SOURCE DATA:
_____
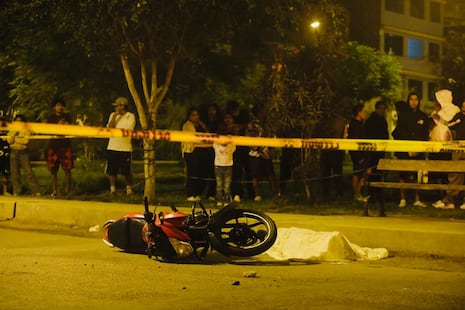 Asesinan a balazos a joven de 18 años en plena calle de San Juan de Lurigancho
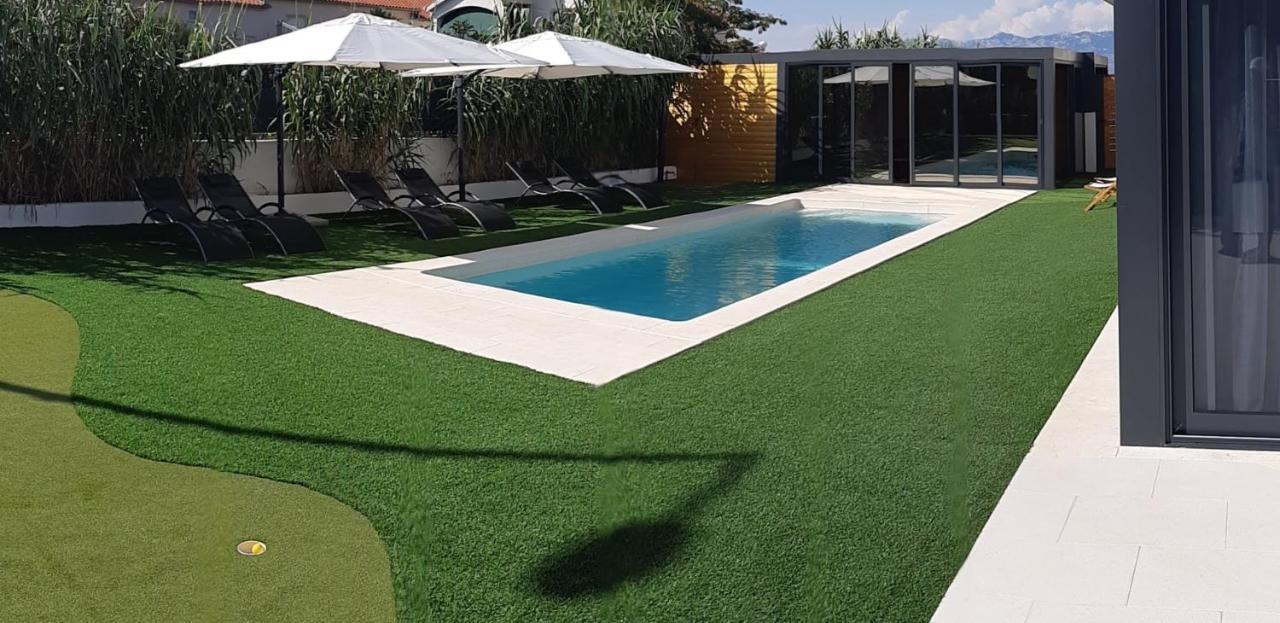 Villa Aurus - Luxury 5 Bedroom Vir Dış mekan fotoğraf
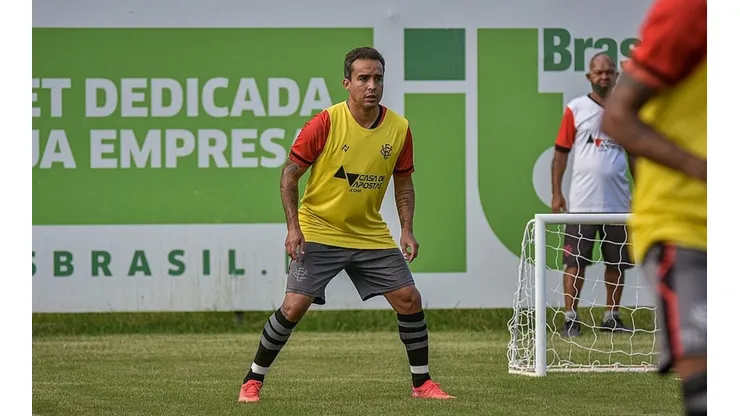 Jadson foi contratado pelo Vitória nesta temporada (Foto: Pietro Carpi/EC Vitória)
_____
EXERCISE: Text only, please: give the listing again word for word with no images.

EXPECTED OUTPUT:
 Asesinan a balazos a joven de 18 años en plena calle de San Juan de Lurigancho
 Villa Aurus - Luxury 5 Bedroom Vir Dış mekan fotoğraf
 Jadson foi contratado pelo Vitória nesta temporada (Foto: Pietro Carpi/EC Vitória)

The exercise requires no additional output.